→ Work instructions:
The pictures get dropped, while every remaining part of the listing is copied exactly.

→ Dataset excerpt:
+ + + + + + +
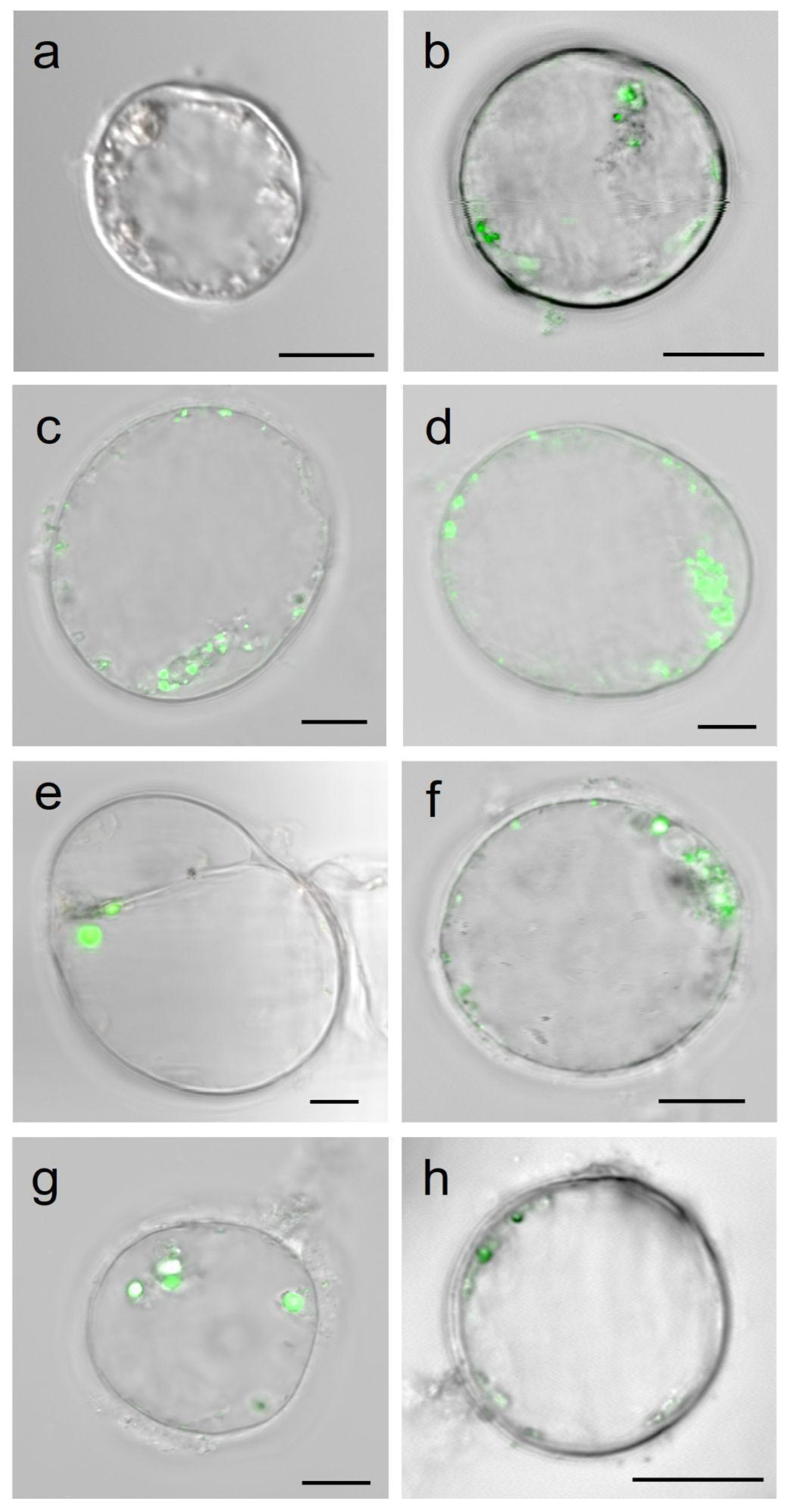 Plants 12 02397 g001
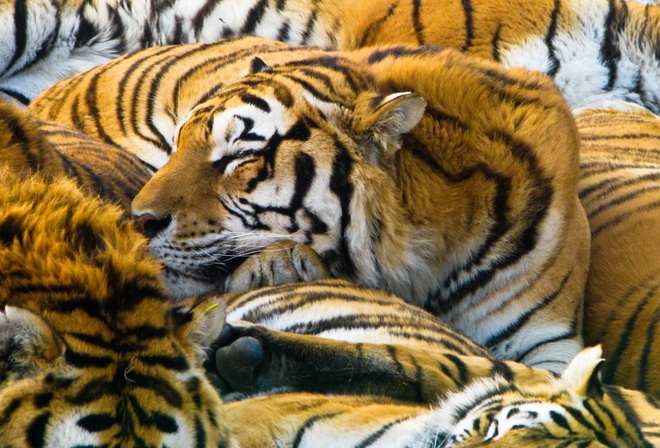 , 1920x1200, tigers, cats, , predators, 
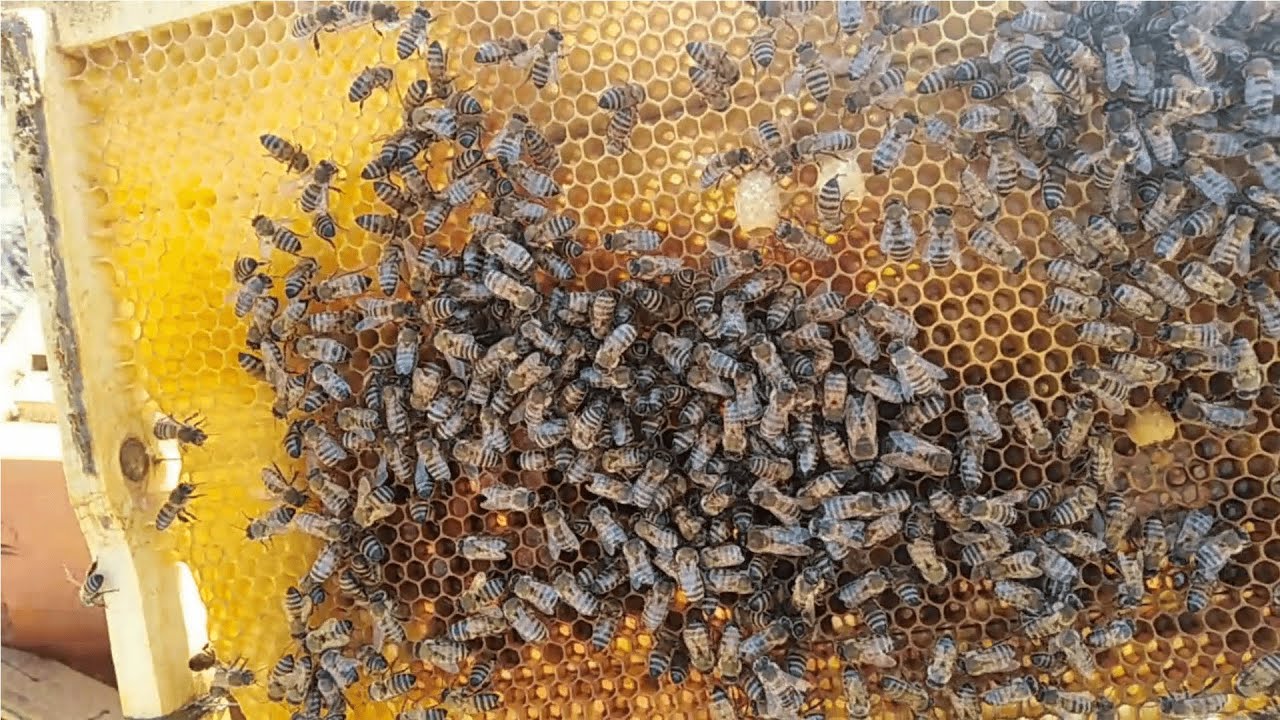 Ana arı ızgarasında ana arı yukarıda olursa ne olur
+ + + + + + +
→ Task result:
 Plants 12 02397 g001
 , 1920x1200, tigers, cats, , predators, 
 Ana arı ızgarasında ana arı yukarıda olursa ne olur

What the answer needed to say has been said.